Parliamentary records show that Lord Whitby failed to take part in debates or ask any questions during this period.
He is one of a number of peers accused of being part of a “something for nothing” culture.
Campaigners called for the number members of the House of Lords, known as peers, to be cut. Darren Hughes, of the Electoral Reform Society, said: “Huge amounts of money are going to the people who contribute the least. This is an outrageous situation.”
But Lord Whitby said he planned to speak up more, particularly as he has a new role chairing Made in The Midlands, a group which backs the region’s manufacturing base.

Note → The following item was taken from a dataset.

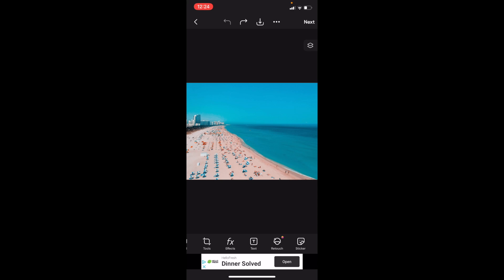So in this PixArt tutorial video, I'm going to be showing you guys how to change the text style of some text here on PixArt.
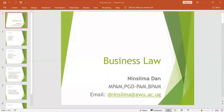Welcome to Business Law class. We are continuing and starting a new topic called the vitiating factors of the contract. After vitiating factors, we shall look briefly at remedies for the breach of contract. Let us first define what vitiating factors means and then look at these factors.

He said: “I will be speaking as often as I can about the importance of manufacturing to the continued success of the United Kingdom.”
Members of the House of Lords are not paid a salary, but can claim a daily allowance of up to £300 for each day they attend. They can choose to receive the full amount, a reduced daily allowance of £150, or nothing at all. They can also claim travel expenses.
Figures published by the Parliamentary authorities show Lord Whitby claimed £15,600 in allowances in the 12 months from the start of May 2016 to the end of April 2017. These are the most recent figures available.
And he claimed £4,926 in travel expenses in the same period. It means that in total he receive £20,526.
But the Conservative peer, who led Birmingham City Council from 2004 to 2012, has not spoken in the House of Lords since January 22 2015, when he took part in a debate about local government funding.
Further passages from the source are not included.